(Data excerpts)
● ● ● ●

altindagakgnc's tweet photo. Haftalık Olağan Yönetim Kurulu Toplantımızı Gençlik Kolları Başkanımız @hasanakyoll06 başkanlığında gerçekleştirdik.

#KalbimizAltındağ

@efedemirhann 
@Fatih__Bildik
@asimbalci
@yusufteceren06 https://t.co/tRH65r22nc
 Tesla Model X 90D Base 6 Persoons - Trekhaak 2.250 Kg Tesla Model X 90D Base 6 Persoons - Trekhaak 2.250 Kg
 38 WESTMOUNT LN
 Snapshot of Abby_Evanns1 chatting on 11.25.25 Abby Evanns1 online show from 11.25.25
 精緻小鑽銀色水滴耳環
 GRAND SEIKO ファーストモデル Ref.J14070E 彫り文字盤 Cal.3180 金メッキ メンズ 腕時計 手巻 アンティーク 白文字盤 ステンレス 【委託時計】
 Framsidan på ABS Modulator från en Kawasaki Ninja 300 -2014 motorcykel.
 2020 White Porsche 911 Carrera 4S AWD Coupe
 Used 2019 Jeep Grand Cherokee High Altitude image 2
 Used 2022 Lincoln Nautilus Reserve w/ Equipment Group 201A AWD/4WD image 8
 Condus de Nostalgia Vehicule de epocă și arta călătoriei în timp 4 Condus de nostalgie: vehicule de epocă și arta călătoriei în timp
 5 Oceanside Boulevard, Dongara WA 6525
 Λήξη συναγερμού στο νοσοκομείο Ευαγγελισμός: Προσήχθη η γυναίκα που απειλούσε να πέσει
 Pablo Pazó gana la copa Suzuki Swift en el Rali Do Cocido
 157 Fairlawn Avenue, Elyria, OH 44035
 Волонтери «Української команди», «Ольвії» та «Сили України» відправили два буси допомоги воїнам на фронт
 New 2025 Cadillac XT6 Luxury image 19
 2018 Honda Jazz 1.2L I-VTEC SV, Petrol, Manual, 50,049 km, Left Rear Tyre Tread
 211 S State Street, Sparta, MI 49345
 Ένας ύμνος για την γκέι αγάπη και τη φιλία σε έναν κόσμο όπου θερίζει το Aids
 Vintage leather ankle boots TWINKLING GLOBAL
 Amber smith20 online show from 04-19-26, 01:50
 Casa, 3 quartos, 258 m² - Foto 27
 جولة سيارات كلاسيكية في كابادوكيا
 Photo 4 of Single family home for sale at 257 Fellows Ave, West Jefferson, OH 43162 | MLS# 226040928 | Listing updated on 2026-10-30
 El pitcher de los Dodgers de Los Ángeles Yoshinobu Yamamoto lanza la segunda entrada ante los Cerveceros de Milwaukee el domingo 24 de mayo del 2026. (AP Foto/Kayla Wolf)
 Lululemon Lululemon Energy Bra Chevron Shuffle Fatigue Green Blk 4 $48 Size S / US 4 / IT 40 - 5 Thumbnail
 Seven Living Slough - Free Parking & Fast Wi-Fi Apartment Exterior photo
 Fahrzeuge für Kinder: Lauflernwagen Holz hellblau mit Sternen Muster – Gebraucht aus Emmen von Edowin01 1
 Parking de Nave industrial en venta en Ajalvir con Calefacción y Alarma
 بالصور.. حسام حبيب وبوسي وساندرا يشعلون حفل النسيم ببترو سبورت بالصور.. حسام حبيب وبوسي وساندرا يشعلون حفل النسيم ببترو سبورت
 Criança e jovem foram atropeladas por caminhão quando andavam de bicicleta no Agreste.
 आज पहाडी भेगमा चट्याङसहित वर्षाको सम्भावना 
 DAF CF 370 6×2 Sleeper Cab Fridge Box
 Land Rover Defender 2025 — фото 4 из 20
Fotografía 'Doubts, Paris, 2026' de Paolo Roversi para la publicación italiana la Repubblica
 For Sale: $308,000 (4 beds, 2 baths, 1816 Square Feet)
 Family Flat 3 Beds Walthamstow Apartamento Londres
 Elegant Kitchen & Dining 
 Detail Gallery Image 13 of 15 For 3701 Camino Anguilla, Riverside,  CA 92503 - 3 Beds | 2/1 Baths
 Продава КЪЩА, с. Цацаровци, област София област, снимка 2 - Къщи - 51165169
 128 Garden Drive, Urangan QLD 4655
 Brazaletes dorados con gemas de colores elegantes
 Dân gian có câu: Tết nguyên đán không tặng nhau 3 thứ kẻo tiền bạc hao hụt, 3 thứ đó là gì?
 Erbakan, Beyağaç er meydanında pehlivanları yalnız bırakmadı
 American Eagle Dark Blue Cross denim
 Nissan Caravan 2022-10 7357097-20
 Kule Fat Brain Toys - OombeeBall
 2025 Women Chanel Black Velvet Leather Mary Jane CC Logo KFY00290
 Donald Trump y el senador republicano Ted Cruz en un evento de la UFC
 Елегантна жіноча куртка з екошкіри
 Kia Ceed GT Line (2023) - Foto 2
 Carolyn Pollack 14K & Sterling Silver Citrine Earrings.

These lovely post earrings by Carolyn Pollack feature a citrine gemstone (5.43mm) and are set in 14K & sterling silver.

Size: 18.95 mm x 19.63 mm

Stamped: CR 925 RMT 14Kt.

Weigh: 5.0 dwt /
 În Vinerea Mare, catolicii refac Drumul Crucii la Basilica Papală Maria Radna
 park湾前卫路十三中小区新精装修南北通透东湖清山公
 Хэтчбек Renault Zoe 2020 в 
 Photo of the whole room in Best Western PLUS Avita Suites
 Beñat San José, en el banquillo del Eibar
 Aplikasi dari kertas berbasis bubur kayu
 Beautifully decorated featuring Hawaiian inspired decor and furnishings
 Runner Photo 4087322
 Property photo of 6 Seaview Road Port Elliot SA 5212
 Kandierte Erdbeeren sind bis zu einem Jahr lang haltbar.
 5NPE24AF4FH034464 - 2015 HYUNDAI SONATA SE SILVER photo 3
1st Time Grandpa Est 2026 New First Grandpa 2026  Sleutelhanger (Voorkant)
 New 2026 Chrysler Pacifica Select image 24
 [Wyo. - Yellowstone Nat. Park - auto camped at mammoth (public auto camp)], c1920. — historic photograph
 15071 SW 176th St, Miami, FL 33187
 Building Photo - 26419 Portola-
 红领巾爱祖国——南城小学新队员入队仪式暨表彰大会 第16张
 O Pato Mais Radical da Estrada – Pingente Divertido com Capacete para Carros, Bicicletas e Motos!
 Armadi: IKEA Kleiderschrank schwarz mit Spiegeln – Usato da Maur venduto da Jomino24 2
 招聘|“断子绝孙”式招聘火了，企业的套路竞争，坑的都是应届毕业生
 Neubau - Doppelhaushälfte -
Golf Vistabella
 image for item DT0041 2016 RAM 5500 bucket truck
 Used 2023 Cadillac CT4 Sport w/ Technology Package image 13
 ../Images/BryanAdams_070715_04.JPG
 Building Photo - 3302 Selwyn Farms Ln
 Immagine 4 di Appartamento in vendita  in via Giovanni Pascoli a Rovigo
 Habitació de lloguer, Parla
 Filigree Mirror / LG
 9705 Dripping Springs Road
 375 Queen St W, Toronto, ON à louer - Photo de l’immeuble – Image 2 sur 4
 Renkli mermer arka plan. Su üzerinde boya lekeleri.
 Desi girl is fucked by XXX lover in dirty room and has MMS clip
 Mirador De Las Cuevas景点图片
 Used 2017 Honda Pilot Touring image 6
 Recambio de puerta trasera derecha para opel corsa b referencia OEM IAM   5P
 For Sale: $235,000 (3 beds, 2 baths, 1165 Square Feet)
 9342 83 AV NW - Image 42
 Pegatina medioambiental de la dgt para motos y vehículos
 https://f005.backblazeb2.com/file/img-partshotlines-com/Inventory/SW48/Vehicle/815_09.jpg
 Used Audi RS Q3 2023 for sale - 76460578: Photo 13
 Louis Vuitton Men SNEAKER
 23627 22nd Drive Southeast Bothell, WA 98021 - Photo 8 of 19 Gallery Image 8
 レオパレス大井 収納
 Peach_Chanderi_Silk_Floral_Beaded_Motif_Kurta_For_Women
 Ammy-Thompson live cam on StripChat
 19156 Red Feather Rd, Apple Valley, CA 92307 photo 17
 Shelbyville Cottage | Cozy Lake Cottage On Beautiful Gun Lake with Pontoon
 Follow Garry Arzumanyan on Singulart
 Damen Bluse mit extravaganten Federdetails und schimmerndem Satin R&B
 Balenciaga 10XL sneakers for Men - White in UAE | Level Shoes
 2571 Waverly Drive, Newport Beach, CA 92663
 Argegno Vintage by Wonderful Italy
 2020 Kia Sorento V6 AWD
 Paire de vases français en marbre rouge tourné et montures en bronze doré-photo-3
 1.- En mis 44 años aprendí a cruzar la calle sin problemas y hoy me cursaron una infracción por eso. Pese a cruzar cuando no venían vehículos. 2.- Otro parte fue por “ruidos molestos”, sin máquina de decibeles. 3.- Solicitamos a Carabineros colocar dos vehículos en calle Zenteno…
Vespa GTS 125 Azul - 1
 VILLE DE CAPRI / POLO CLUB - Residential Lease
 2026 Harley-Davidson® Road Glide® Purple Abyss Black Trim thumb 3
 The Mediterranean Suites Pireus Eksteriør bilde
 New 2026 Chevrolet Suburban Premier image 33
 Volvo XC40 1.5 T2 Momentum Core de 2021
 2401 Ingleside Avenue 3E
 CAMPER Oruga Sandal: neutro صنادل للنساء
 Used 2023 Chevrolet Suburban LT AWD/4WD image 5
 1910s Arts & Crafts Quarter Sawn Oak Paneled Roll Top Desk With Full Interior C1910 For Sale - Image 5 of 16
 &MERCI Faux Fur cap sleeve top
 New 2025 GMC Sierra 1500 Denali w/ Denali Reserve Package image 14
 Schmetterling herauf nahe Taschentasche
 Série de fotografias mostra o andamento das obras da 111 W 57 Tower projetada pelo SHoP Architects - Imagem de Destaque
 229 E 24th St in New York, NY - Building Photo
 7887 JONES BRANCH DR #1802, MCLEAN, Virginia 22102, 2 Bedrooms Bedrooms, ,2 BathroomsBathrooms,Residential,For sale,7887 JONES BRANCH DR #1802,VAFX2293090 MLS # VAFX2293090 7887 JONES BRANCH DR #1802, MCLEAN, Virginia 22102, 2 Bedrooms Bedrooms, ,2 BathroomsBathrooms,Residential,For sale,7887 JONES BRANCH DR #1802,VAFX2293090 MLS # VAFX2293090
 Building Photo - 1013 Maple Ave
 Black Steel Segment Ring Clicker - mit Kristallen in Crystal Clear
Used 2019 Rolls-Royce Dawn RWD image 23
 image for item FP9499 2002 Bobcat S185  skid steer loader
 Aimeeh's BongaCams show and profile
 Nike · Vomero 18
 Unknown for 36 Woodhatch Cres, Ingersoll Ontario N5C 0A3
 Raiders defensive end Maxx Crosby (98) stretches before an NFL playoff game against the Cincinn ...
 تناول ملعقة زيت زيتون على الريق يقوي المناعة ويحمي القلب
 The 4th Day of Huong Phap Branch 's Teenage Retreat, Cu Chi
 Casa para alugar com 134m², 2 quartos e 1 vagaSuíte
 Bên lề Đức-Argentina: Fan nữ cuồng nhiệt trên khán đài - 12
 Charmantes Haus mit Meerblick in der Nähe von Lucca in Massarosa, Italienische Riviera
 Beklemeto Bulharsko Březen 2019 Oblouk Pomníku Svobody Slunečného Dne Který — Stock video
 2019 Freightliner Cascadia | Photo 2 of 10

● ● ● ●

→ What is being asked
Check each line of the data for the string "Road" and state how many lines contain it, without any other output.

→ Solved exercise
3